Your answer is the lines below, exactly, from the one that contains "Lifestyle-hoodie i oversized-modell" through the one that contains "Used Right front", both included.

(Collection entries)

++++++++++++++++++++

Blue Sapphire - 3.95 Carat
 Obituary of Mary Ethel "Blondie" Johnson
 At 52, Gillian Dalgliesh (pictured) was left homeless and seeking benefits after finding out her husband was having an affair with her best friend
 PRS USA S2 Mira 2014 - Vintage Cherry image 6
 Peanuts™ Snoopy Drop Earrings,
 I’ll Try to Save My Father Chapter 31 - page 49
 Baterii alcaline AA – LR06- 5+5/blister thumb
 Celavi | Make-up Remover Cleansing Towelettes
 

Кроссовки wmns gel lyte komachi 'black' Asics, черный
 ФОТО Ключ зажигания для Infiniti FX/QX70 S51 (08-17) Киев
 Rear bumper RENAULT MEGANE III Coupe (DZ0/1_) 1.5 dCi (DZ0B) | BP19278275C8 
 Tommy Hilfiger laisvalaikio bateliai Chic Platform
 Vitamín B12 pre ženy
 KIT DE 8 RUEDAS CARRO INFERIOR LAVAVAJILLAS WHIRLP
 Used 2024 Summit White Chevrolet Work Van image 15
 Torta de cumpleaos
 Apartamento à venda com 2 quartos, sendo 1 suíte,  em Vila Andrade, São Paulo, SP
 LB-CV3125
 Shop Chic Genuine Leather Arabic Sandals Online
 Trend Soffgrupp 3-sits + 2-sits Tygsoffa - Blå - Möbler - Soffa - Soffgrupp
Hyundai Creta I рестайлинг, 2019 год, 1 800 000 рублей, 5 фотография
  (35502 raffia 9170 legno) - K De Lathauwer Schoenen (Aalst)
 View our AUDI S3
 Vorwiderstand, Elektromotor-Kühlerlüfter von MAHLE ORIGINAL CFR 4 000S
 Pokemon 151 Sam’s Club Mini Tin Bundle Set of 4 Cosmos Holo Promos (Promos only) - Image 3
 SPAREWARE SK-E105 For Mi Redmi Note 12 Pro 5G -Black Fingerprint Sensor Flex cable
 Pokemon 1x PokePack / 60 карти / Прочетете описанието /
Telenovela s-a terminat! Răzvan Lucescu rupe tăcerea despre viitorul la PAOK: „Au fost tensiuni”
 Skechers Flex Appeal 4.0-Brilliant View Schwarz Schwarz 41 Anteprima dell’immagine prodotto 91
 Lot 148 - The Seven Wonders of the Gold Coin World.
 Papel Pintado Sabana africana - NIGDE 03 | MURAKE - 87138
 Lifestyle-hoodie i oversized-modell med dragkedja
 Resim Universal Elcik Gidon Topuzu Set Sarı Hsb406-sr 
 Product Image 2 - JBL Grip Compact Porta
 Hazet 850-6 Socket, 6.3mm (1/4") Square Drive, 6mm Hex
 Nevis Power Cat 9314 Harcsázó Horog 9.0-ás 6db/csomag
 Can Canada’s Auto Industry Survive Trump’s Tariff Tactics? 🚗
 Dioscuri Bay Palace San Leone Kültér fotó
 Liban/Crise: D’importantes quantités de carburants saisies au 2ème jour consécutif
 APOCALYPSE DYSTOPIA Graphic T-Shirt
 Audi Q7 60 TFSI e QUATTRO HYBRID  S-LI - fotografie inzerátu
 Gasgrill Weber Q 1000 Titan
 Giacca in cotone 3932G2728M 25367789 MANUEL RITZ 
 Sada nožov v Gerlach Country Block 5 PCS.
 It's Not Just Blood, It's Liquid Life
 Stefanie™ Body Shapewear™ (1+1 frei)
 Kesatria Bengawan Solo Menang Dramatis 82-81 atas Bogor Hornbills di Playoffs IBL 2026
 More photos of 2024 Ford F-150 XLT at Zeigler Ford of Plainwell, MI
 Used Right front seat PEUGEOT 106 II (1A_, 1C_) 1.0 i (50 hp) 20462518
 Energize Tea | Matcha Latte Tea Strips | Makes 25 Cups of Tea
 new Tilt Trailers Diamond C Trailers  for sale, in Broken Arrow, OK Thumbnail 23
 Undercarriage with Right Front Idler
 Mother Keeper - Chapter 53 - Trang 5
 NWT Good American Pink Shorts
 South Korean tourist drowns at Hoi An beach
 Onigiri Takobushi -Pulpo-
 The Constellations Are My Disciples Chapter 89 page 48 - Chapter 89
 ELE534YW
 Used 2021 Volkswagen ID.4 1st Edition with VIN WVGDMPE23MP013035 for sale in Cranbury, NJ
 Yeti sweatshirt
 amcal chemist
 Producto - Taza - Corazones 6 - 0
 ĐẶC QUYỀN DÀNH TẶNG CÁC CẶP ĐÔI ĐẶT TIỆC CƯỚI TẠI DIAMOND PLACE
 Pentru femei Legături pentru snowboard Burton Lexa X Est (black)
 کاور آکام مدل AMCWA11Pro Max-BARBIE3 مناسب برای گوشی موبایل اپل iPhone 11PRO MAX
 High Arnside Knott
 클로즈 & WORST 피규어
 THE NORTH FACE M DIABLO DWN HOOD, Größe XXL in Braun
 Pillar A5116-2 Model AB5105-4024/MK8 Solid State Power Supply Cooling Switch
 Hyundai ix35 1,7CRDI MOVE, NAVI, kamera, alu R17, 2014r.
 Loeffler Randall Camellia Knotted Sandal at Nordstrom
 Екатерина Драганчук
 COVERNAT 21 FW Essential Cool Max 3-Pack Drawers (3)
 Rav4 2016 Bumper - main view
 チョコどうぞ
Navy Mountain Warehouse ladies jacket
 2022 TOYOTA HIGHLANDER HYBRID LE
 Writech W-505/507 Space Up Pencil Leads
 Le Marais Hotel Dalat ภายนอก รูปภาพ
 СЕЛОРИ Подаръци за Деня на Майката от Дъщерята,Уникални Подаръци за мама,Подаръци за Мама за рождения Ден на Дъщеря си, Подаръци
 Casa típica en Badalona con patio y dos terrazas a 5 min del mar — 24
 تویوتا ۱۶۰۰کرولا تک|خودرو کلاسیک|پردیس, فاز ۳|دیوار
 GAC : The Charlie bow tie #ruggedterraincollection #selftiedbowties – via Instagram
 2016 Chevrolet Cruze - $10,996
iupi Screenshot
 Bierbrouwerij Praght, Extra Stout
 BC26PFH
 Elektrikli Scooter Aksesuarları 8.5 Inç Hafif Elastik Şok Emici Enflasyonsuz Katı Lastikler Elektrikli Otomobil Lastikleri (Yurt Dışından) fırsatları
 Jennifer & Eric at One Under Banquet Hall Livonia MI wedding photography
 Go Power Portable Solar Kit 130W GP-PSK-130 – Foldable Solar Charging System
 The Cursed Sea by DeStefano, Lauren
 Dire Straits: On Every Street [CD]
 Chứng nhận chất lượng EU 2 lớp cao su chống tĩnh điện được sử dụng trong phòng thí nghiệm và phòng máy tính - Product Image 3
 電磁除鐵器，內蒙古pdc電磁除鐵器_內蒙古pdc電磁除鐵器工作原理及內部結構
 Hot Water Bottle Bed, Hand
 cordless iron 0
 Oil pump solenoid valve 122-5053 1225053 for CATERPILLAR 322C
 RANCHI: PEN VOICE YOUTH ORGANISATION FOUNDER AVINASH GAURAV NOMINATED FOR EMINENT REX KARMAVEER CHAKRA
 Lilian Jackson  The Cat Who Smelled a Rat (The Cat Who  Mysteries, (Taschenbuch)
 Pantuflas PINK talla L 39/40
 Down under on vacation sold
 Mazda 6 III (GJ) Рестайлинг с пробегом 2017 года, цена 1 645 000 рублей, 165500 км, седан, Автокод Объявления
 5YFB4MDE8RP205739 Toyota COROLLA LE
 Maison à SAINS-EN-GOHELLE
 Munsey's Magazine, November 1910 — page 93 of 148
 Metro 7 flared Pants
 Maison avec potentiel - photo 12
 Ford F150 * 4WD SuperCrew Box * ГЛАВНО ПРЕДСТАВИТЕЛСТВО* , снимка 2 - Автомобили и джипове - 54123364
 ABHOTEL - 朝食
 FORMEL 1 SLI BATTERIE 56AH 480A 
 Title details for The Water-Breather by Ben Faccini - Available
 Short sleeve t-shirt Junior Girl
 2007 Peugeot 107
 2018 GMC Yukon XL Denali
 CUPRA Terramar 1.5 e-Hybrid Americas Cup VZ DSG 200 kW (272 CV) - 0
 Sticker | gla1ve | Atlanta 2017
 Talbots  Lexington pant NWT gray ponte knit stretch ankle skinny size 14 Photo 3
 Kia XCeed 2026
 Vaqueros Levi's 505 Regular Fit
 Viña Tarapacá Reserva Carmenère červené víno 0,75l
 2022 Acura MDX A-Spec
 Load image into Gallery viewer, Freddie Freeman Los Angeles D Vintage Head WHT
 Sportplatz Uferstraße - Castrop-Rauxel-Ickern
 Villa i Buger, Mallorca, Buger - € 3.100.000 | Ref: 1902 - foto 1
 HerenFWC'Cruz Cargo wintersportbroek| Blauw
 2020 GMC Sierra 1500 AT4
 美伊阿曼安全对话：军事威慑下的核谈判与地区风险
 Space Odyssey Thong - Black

++++++++++++++++++++

> **Written response**
 Lifestyle-hoodie i oversized-modell med dragkedja
 Resim Universal Elcik Gidon Topuzu Set Sarı Hsb406-sr 
 Product Image 2 - JBL Grip Compact Porta
 Hazet 850-6 Socket, 6.3mm (1/4") Square Drive, 6mm Hex
 Nevis Power Cat 9314 Harcsázó Horog 9.0-ás 6db/csomag
 Can Canada’s Auto Industry Survive Trump’s Tariff Tactics? 🚗
 Dioscuri Bay Palace San Leone Kültér fotó
 Liban/Crise: D’importantes quantités de carburants saisies au 2ème jour consécutif
 APOCALYPSE DYSTOPIA Graphic T-Shirt
 Audi Q7 60 TFSI e QUATTRO HYBRID  S-LI - fotografie inzerátu
 Gasgrill Weber Q 1000 Titan
 Giacca in cotone 3932G2728M 25367789 MANUEL RITZ 
 Sada nožov v Gerlach Country Block 5 PCS.
 It's Not Just Blood, It's Liquid Life
 Stefanie™ Body Shapewear™ (1+1 frei)
 Kesatria Bengawan Solo Menang Dramatis 82-81 atas Bogor Hornbills di Playoffs IBL 2026
 More photos of 2024 Ford F-150 XLT at Zeigler Ford of Plainwell, MI
 Used Right front seat PEUGEOT 106 II (1A_, 1C_) 1.0 i (50 hp) 20462518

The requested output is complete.